NEW YORK -- A new FOX News poll of likely voters shows the Mitt Romney-Paul Ryan ticket receives the backing of 45 percent, while the Barack Obama-Joe Biden ticket garners 44 percent.
The poll, released Thursday, is the first FOX conducted among likely voters this year, which means an apples-to-apples comparison can’t be made to previous polls. Likely voters are eligible/registered voters who will most likely cast a ballot in this year’s presidential election.
The FOX News poll shows Romney has the edge among white Evangelical Christians (70-18 percent), white voters (53-36 percent), married voters (51-38 percent), men (48-40 percent) and seniors (50-41 percent).
President Obama has the advantage among black voters (86-6 percent), women (48-42 percent), lower income households (53-35 percent), young voters (48-39 percent) and unmarried voters (55-34 percent).
Independents back Romney by 42-32 percent (one in four is undecided). Independents were vital to Obama’s 2008 victory, backing him over Republican John McCain by 52-44 percent (Fox News exit poll).

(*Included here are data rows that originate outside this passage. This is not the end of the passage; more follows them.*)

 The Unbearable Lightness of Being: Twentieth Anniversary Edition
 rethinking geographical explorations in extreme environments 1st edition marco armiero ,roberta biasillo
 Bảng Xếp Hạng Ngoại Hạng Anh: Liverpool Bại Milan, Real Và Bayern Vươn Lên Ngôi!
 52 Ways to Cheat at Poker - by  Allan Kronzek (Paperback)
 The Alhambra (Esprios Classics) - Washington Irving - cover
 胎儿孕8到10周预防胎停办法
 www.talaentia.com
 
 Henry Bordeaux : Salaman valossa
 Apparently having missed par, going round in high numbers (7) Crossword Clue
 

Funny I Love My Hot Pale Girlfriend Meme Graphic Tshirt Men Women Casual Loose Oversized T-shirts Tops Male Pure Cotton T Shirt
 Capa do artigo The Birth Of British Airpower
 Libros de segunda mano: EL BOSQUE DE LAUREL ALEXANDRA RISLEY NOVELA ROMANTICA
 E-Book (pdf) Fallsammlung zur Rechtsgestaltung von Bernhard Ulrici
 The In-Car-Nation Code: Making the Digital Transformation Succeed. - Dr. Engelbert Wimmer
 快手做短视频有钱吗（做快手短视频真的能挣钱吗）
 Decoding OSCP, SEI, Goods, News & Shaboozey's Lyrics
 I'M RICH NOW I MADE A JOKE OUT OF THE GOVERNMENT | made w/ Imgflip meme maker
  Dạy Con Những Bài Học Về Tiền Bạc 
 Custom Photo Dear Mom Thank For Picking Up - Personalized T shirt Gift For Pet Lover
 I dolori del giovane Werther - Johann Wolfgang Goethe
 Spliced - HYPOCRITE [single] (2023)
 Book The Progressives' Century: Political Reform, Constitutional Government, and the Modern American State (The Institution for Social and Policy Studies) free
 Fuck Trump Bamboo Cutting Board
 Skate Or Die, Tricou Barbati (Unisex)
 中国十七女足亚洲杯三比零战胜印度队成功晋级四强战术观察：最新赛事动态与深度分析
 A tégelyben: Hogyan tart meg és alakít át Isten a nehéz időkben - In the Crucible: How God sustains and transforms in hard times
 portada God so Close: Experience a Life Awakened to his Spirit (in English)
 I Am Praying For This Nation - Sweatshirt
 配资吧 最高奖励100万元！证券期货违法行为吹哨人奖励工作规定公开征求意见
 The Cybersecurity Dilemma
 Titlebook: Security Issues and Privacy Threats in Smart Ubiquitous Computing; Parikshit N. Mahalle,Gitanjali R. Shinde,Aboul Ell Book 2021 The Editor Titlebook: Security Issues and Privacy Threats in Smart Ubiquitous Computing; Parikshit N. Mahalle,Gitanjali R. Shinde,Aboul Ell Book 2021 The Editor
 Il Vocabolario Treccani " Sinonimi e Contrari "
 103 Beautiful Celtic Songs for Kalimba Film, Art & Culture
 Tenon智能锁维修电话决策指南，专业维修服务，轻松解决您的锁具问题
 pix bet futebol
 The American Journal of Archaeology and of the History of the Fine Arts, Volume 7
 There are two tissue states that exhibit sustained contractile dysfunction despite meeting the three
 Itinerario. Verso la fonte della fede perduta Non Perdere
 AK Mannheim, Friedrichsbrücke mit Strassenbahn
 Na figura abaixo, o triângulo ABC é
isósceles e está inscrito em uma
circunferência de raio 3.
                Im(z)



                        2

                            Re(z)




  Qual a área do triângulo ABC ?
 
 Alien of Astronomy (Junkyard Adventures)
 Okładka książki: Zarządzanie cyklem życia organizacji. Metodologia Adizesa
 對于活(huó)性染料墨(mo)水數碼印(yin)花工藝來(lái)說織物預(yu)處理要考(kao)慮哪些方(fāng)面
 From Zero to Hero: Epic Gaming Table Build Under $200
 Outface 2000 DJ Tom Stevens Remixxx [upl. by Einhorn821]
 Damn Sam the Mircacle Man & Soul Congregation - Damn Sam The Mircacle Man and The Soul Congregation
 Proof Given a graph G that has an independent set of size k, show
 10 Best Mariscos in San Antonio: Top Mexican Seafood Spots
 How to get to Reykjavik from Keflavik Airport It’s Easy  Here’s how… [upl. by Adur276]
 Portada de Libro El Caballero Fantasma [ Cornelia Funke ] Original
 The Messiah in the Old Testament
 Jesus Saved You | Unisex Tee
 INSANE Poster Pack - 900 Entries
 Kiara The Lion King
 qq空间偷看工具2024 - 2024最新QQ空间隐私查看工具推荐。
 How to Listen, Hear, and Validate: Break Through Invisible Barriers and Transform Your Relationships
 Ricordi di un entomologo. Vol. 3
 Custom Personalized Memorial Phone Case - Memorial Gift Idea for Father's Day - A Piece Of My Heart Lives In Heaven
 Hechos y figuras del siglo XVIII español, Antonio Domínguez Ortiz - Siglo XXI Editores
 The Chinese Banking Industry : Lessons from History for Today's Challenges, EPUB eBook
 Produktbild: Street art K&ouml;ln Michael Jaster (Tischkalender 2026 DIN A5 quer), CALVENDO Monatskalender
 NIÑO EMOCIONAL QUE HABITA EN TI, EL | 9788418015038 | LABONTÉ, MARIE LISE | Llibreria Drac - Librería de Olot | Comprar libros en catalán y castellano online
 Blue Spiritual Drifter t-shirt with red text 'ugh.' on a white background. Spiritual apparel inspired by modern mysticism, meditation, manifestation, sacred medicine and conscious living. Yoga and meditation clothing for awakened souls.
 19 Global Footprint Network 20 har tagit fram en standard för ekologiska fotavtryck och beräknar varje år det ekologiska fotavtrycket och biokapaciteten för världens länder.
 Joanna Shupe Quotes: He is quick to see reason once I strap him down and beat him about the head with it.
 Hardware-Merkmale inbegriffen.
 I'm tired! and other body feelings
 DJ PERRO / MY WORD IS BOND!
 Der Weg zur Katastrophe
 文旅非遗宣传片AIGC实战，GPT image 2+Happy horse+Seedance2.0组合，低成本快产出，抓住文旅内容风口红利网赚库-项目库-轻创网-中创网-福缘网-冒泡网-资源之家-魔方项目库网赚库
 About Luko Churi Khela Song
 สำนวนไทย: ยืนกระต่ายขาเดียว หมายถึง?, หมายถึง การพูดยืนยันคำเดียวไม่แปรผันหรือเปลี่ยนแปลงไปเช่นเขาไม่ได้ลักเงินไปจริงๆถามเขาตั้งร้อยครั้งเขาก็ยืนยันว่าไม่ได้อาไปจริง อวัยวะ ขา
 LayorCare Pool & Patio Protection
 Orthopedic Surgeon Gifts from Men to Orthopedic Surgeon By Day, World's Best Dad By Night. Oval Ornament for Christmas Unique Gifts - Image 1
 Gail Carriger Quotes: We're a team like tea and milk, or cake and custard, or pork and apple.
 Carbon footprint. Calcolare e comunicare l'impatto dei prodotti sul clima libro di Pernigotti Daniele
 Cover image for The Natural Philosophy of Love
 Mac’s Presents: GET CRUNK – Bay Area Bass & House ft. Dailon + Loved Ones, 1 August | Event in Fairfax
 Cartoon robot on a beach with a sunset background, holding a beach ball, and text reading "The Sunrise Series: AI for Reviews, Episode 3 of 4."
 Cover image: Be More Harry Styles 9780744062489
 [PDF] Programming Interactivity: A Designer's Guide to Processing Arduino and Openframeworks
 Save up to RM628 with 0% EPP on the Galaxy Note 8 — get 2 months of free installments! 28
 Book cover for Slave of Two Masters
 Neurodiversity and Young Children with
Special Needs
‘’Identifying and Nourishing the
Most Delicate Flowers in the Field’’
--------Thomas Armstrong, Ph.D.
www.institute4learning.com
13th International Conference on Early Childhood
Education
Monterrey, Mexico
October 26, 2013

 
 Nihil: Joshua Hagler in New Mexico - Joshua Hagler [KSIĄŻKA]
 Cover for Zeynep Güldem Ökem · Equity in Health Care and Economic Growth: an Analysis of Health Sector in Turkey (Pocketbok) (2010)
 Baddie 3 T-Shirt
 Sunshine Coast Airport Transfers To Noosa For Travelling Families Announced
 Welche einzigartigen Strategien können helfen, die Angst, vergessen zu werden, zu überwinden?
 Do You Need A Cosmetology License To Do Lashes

About one voter in ten is undecided or says they’ll vote for someone other than Obama and Romney. Among just those voters, 55 percent disapprove of the job Obama is doing and only 17 percent think the country has changed for the better in the last four years.
The FOX News poll is based on live telephone interviews on landlines and cell phones from August 19 to August 21 among 1,007 randomly-chosen likely voters nationwide. Likely voters are registered voters who are considered most likely to vote in the November presidential election. The poll is conducted under the joint direction of Anderson Robbins Research (D) and Shaw & Company Research (R). For the total sample, it has a margin of sampling error of plus or minus three percentage points.